Other marquee accomplishments included Owen Klassen in men’s basketball and Cummins, Jake Thomas and Tom Labenski in football representing Canada at world championships in their respective sports this summer.
A significant number of student-athletes received AUS and CIS individual recognition as well, “but if you really want to exemplify what being a student-athlete is all about at Acadia,” Dickie observed, “look at Cathleen Bleakney.”
Bleakney, co-captain of the Axewomen soccer team, was honoured as the CIS Women’s Soccer Community Service Award recipient. It’s given annually to a Canadian university soccer student-athlete who best combines athletic ability, academic excellence and community service.
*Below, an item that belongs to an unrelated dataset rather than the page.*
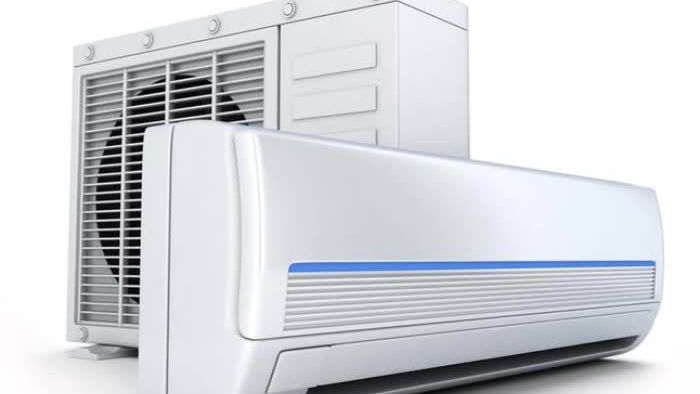 家电使用寿命全解析：精准把握更换时机，城乡圆服务贴心护航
“She represents everything you would hope for in a student-athlete,” Dickie said. “A great athlete, really good in the classroom, and selfless for what she does in the community.”
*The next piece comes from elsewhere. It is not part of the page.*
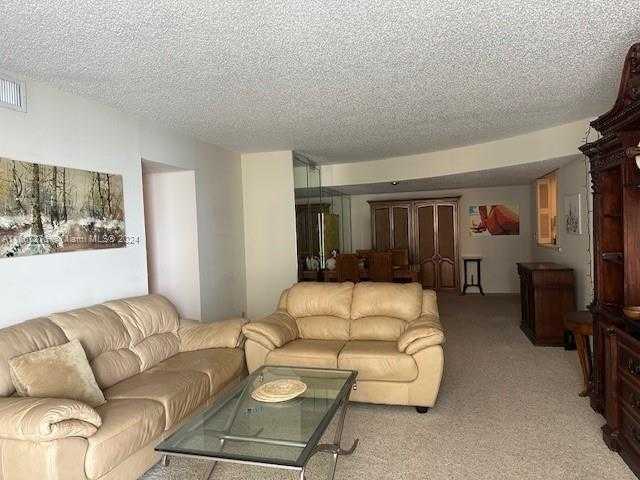 Small Image of 2301 SOUTH OCEAN DR #407, Hollywood Number 3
An Academic All-Canadian, Bleakney volunteers with organizations and causes in the community and on campus, including at Camp Brigadoon for kids and youth living with chronic illness; at Port Williams School, where she teaches a young girl how to read; with Acadia’s Sensory Motor Instructional Leadership Experience (SMILE) program; and as a race marshal at the Run for the Cure event with her Acadia teammates to name only a few.
The Athletics Department also reached out to constituents this fall with a survey that wrapped up Dec. 2. Response was tremendous and Dickie stressed the importance of staying connected and capturing feedback from Acadia’s many fans, alumni and patrons.
A good example of community connection was the opening this fall of a new Fitness Centre in the former Auxiliary Gym at the Arena Complex. In the first three months of operation, September to November, “our fitness facility is up by over 2,500 visits compared to the same time last year,” Dickie notes. The Centre has become a campus and community focal point that underscores the Athletic department’s efforts to stay connected.
“Right now, we’ve got a lot of positive energy and a lot of momentum that has built throughout the fall term. I couldn’t be more impressed with our phenomenal group of coaches and staff and with what our student-athletes have accomplished in this first half. For me now, we have to continue to pursue excellence and strive to be the best we can be.” Full steam ahead.